Data registration
Overview
Teaching: 20 min
Exercises: 20 minQuestions
What is data registration?
Why should you upload your data to a data repository?
What types of data repositories are there?
How to choose the right repository for your dataset?
Objectives
Describe why indexed data repositories are important
Summarise resources enabling you to choose a searchable repository
Data registration and the FAIR Principles
Data registration relates to the following 3 FAIR Principles (Table 3.1).
We will discuss and signpost these in this Episode.
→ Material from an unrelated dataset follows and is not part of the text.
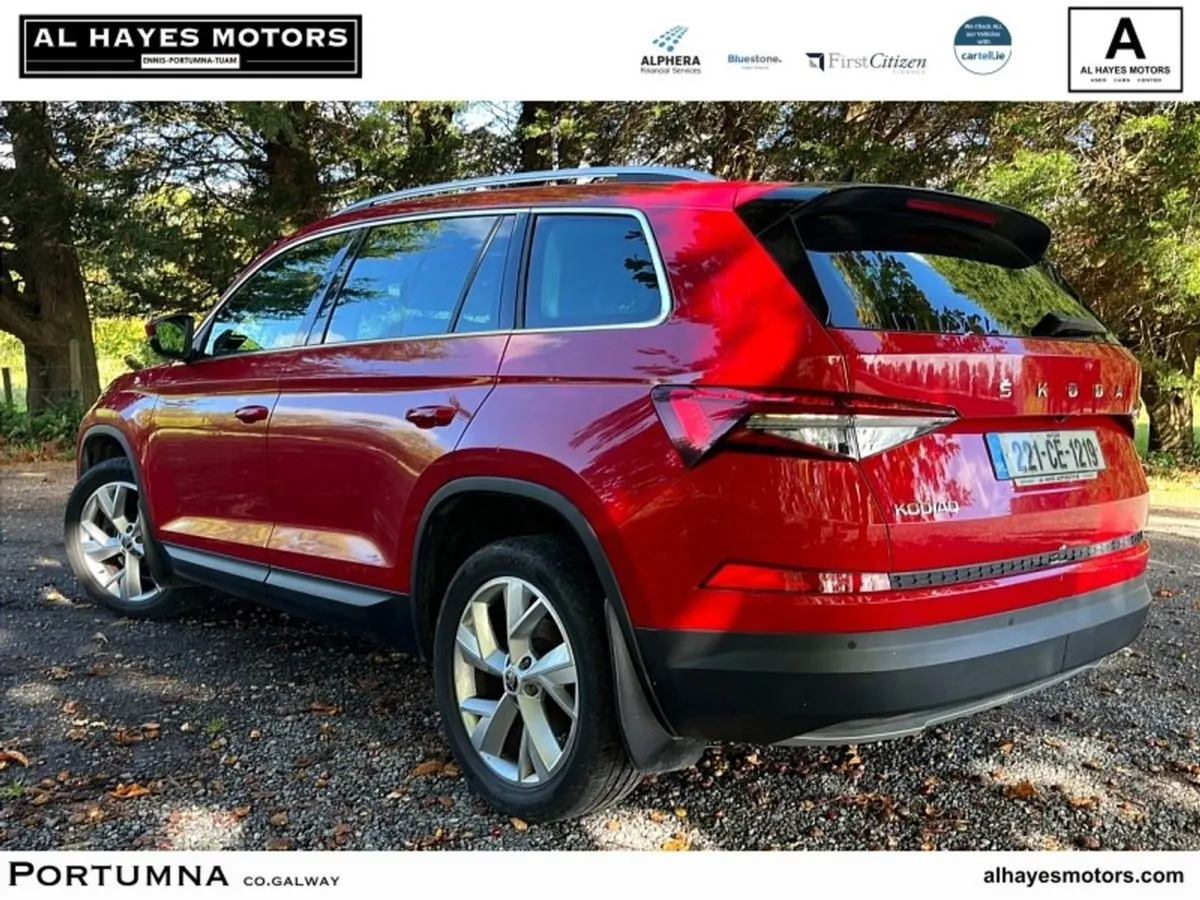Skoda Kodiaq Style 2.0 TDI 150HP DSG 7 Seater - Image 3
The FAIR Guiding Principles | |
---|---|
To be Findable: | F1. (meta)data are assigned a globally unique and persistent identifier F2. data are described with rich metadata (defined by R1 below) F3. metadata clearly and explicitly include the identifier of the data it describes F4. (meta)data are registered or indexed in a searchable resource |
To be Accessible: | A1. (meta)data are retrievable by their identifier using a standardized communications protocol A1.1 the protocol is open, free, and universally implementable A1.2 the protocol allows for an authentication and authorization procedure, where necessary A2. metadata are accessible, even when the data are no longer available |
To be Interoperable: | I1. (meta)data use a formal, accessible, shared, and broadly applicable language for knowledge representation. I2. (meta)data use vocabularies that follow FAIR principles I3. (meta)data include qualified references to other (meta)data |
To be Reusable: | R1. meta(data) are richly described with a plurality of accurate and relevant attributes R1.1. (meta)data are released with a clear and accessible data usage license R1.2. (meta)data are associated with detailed provenance R1.3. (meta)data meet domain-relevant community standards |
Table 3.1: The 15 FAIR Guiding Principles. Principles relating to data registration in black.
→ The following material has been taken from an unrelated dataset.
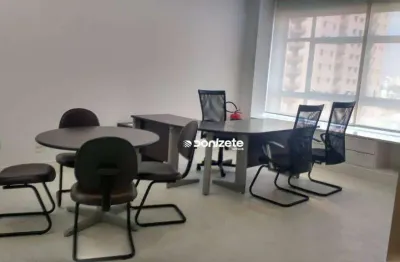 Sala à venda, 34 m² por r$ 510.000,02 - santa paula - são caetano do sul/sp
What is data deposition and registration?
Data deposition and registration refer to the process of uploading data to a searchable resource, and providing appropriate metadata to facilitate its discoverability. For example, a data repository, where data and metadata can be uploaded, may enable it to be discovered, preserved and accessed. Here we use the general term data repository to describe any online storage location that can host deposited (meta)data.
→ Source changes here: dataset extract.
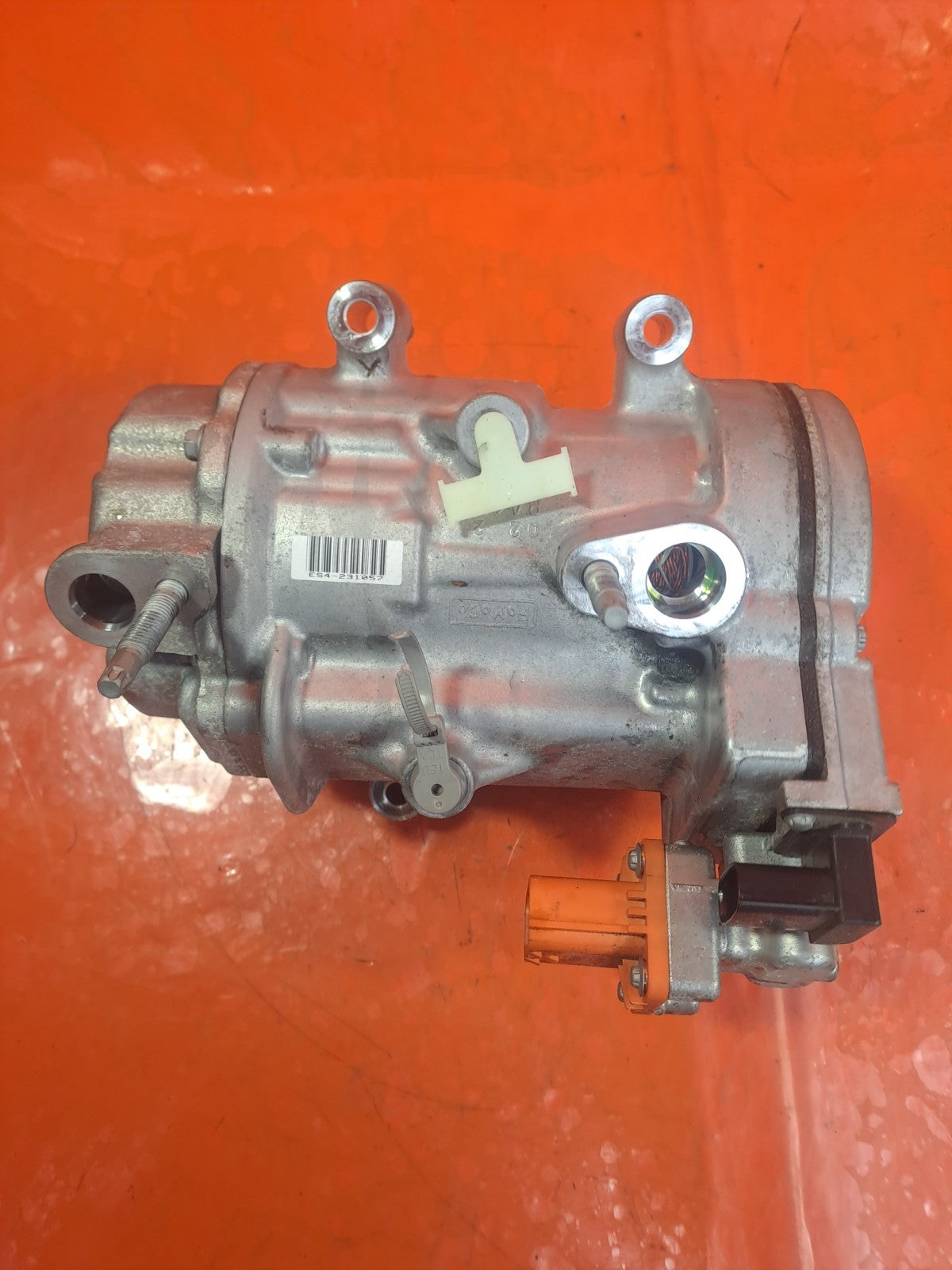 ✅2023 FORD KUGA MK3 ST-LINE X AIR CON COMPRESSOR PUMP LX6A-19D623-AD A333 - Image 12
In the context of FAIR, data deposition relates to a number of the Guiding Principles. Firstly, “(meta)data are registered or indexed in a searchable resource” (FAIR Principle F4). Searchable (indexed) metadata enables humans and computers to query and discover data of interest, though this depends on what is indexed. Here, indexing refers to a process that occurs within the architecture of the data repository (local indexing) where metadata are organised so that they can be queried based on a defined field. It is worth noting that community resources, focused on a particular domain (for example, the human database in Ensembl) are better indexed for a particular community, rather than generic repositories (for example, Zenodo) which may not index the community specific components, and may focus on higher level metadata. Indexing by an internet search engine is another example of this. Google (and other search engines, such as yahoo and yandex) have an agreed vocabulary (schema.org), within web pages, that are ‘scraped’ and indexed. While the focus of this vocabulary was originally intended for commercial products, community specific efforts to facilitate discipline-specific indexing are under way (for example, Bioschemas).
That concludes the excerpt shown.